■ YOUR ASSIGNMENT ■
Find the line that contains "Muscle IQ pricing" in the entries below. Restate it and every line after it, word for word, with no pictures.

■ RECORDS SHOWN ■
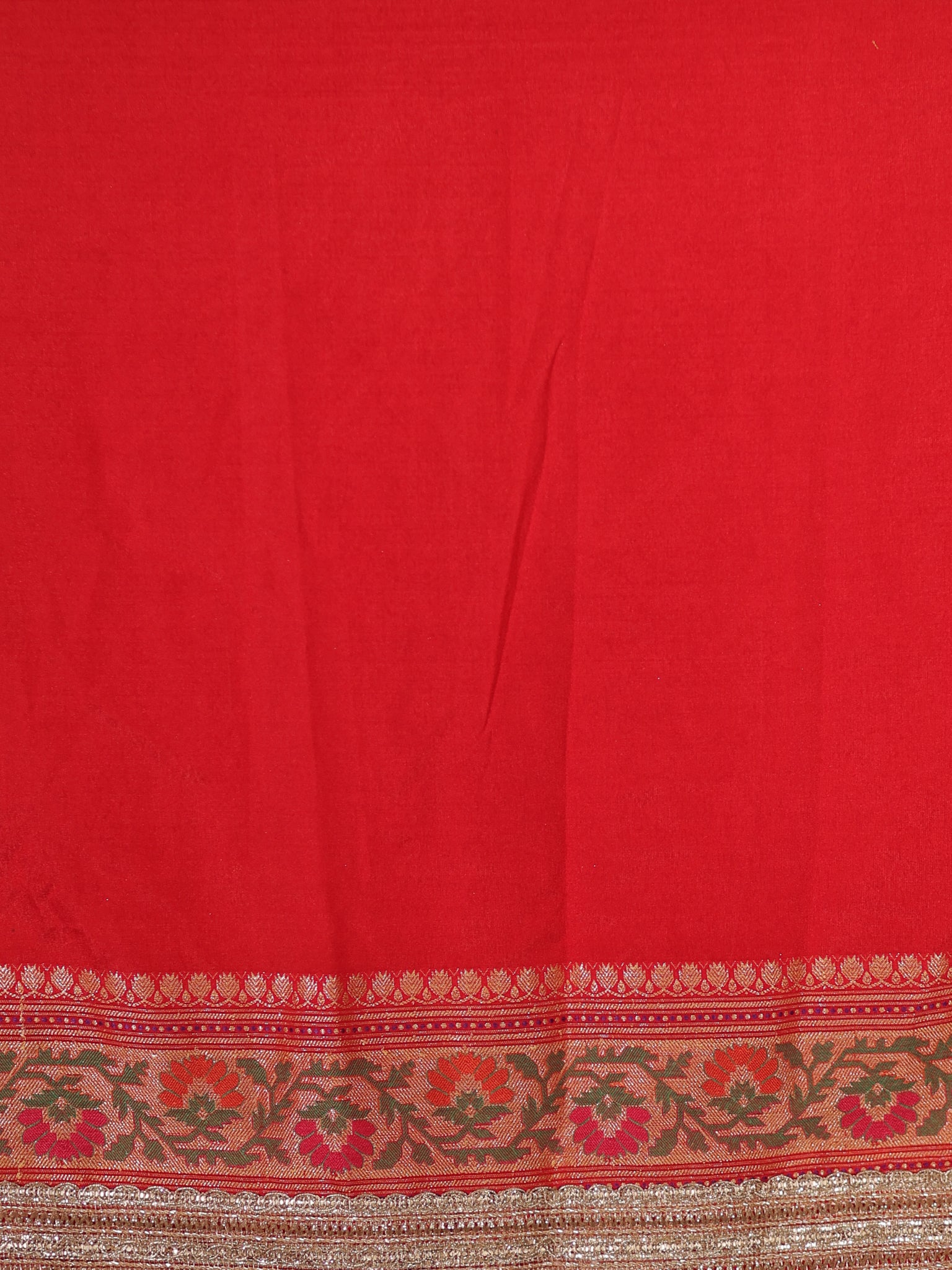 Banarasi Dual Shade Semi Silk Saree With Lace Border- White & Red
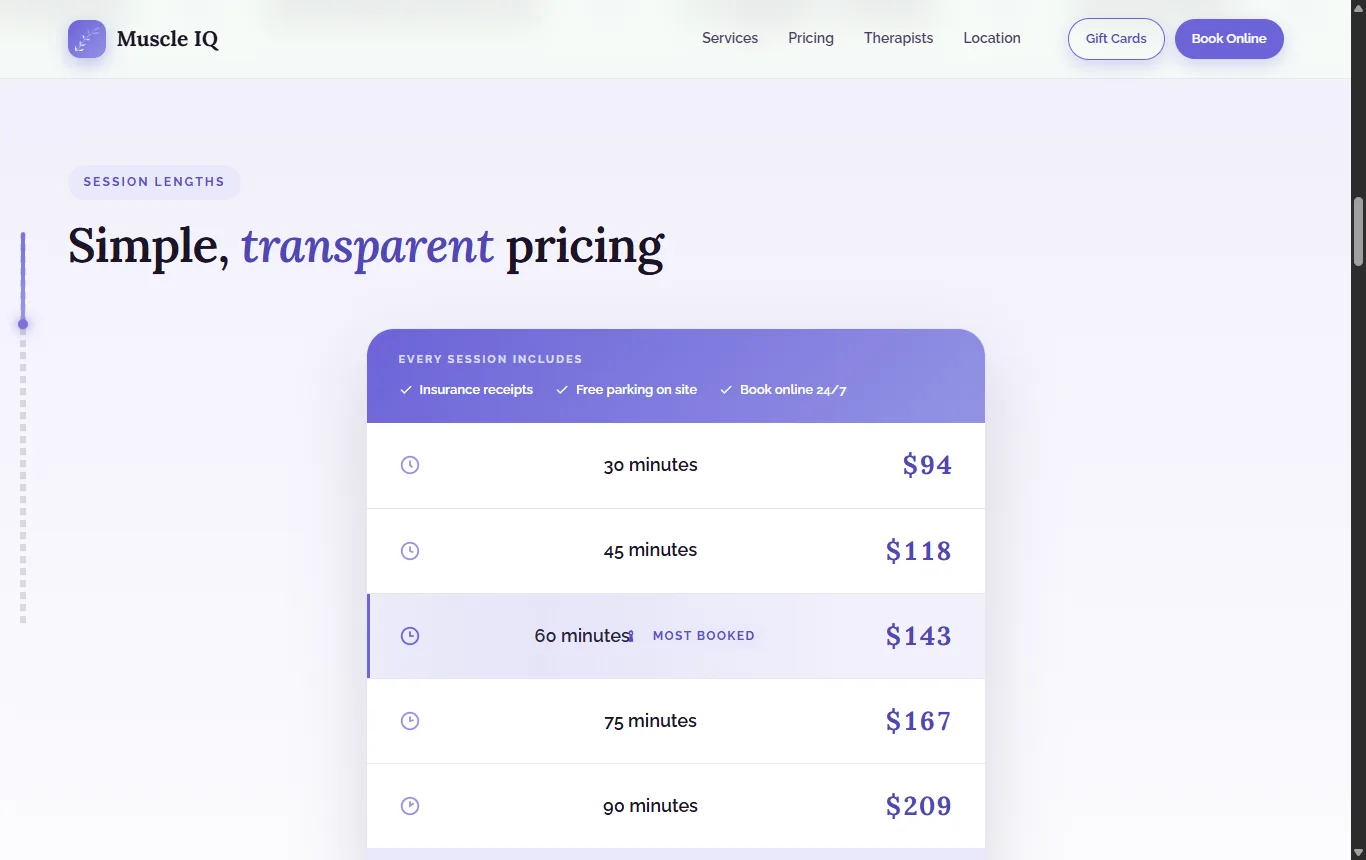 Muscle IQ pricing table: session lengths from 30 to 90 minutes.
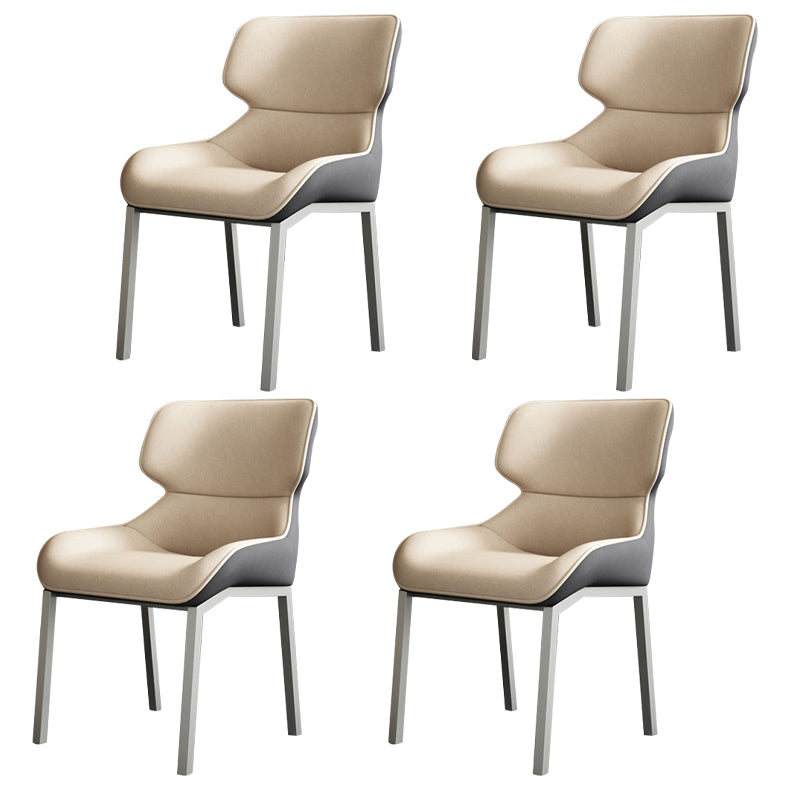 Contemporary Metal Dining Room Armless chairs Wingback Side Chair for Home Use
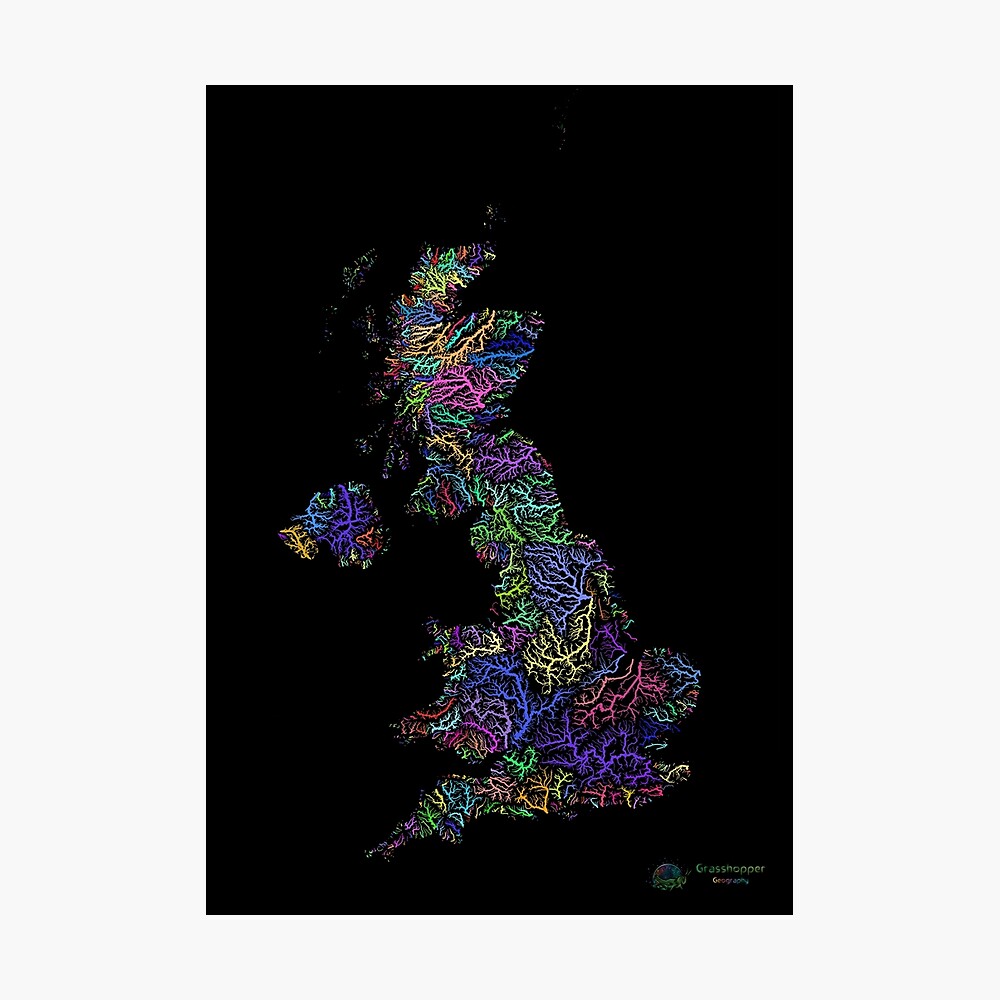 United Kingdom River Basin Map in Rainbow Colours with Black Background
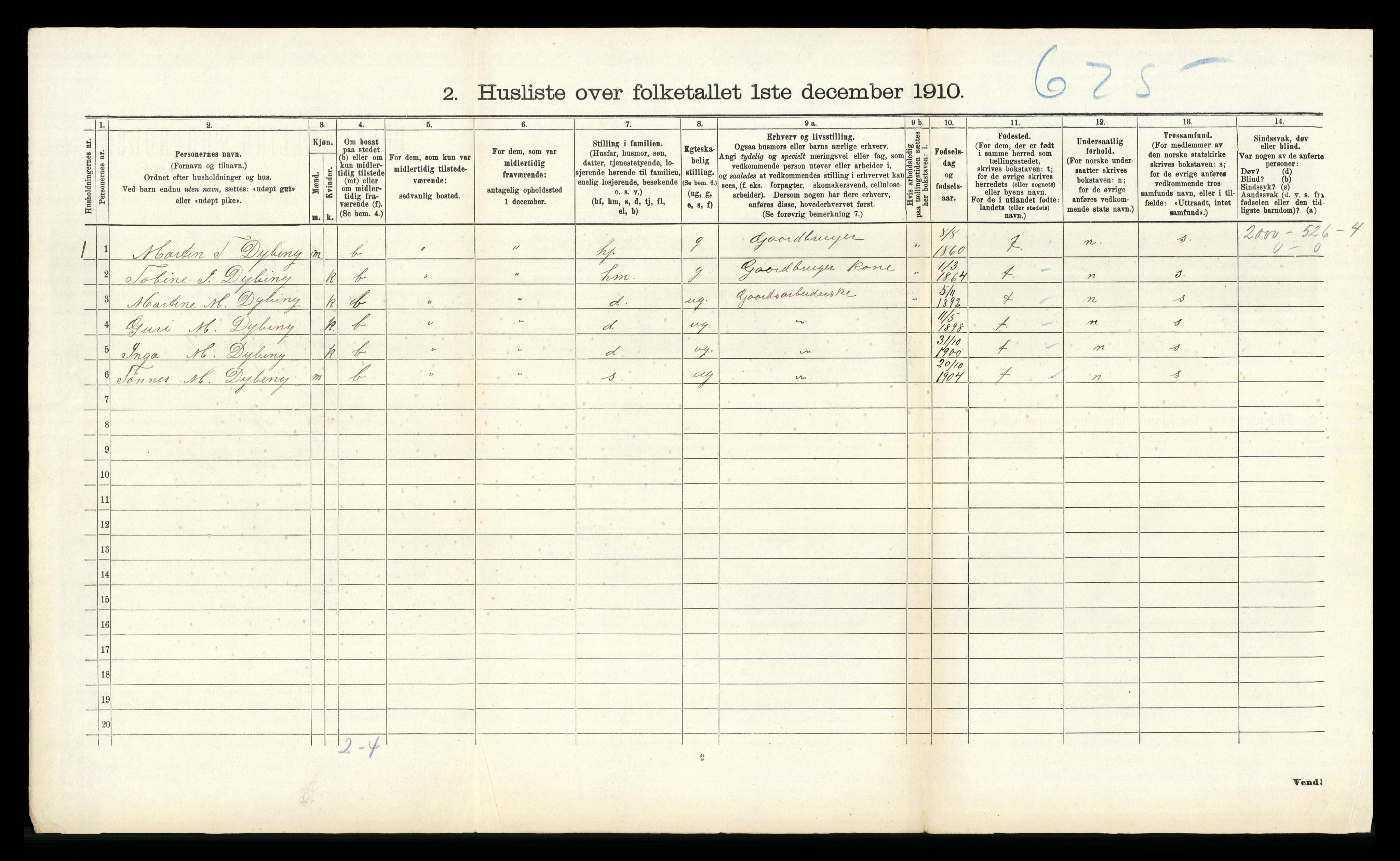 RA, 1910 census for Heskestad, 1910, p. 243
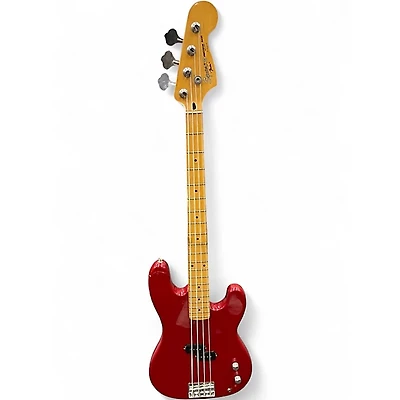 Used Squier Precision Bass Red Electric Bass Guitar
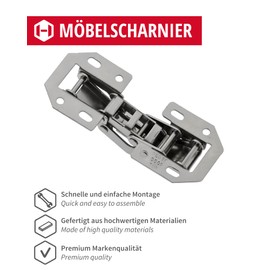 Gedotec Furniture Hinges Made of Steel with Spring | Pack of 2 Hinges for Cabinet Doors | Mini | Foldable Steel Hinges - Silver | 33 x 77 mm | Opening Angle of 180° | Door Hinges for Wooden Doors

■ ANSWER ■
 Muscle IQ pricing table: session lengths from 30 to 90 minutes.
 Contemporary Metal Dining Room Armless chairs Wingback Side Chair for Home Use
 United Kingdom River Basin Map in Rainbow Colours with Black Background
 RA, 1910 census for Heskestad, 1910, p. 243
 Used Squier Precision Bass Red Electric Bass Guitar
 Gedotec Furniture Hinges Made of Steel with Spring | Pack of 2 Hinges for Cabinet Doors | Mini | Foldable Steel Hinges - Silver | 33 x 77 mm | Opening Angle of 180° | Door Hinges for Wooden Doors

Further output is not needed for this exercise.